Version: 0.93

snorkelflow.sdk.QualityDataset

class snorkelflow.sdk.QualityDataset(df, dataset_uid, label_schema_uid, model_node_uid, label_map)

__init__(df, dataset_uid, label_schema_uid, model_node_uid, label_map)

Methods

`__init__`(df, dataset_uid, label_schema_uid, ...)
`append`(ft_dataset)	Append the given FTDataset to the current FTDataset.
`create_annotation_batches`([assignees])	Create an annotation batch for the ft dataset.
`export_data`(format, filepath)	Export the data in the FTDataset to the specified format and write to the provided filepath.
`filter`([source_uids, splits, x_uids, ...])	Filter the dataset based on the given filters.
`get_data`()	Get the data associated with the fine tuning dataset.
`get_x_uids`()	Get the x_uids in the FTDataset.
`set_as_dev_set`()	Resample the x_uids within the FTDataset as the dev set for the fine tuning application.

filter

filter(source_uids=None, splits=None, x_uids=None, feature_hashes=None, has_gt=None, labels=None, confidence_threshold=None)
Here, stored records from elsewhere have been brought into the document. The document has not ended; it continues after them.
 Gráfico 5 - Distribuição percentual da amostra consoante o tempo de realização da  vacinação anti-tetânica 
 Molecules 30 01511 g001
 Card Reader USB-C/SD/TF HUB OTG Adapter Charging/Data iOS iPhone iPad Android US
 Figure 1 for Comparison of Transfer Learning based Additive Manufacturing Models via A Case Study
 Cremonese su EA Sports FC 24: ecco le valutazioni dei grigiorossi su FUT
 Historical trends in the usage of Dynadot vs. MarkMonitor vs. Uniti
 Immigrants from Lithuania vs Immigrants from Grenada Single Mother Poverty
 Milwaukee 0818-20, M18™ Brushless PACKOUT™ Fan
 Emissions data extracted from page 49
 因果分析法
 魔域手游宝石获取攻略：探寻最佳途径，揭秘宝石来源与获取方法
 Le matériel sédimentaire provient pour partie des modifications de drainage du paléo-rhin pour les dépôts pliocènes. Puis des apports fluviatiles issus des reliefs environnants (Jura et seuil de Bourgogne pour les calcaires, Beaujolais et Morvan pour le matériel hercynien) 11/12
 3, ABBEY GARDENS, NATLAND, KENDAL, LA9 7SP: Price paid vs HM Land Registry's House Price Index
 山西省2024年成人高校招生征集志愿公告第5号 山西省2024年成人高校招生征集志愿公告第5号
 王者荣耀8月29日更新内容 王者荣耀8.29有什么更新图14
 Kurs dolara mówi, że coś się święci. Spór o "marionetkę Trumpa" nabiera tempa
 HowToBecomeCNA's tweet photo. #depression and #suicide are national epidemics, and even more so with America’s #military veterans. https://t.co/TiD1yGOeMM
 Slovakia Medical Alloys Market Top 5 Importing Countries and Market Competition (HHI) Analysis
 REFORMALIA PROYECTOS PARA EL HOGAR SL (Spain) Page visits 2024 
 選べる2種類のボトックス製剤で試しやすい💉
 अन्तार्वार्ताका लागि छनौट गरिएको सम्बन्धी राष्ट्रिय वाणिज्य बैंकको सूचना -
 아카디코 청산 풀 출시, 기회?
Filter the dataset based on the given filters.

Name	Type	Default	Info
source_uids	`Optional[List[int]]`	`None`	The source uids to filter by.
splits	`Optional[List[str]]`	`None`	The splits to filter by.
x_uids	`Optional[List[str]]`	`None`	The x uids to filter by.
feature_hashes	`Optional[List[str]]`	`None`	The feature hashes to filter by.
has_gt	`Optional[bool]`	`None`	Filter by the existence / non-existence of ground truth.
labels	`Optional[List[str]]`	`None`	The labels to filter by.
confidence_threshold	`Optional[float]`	`None`	The confidence threshold to filter by.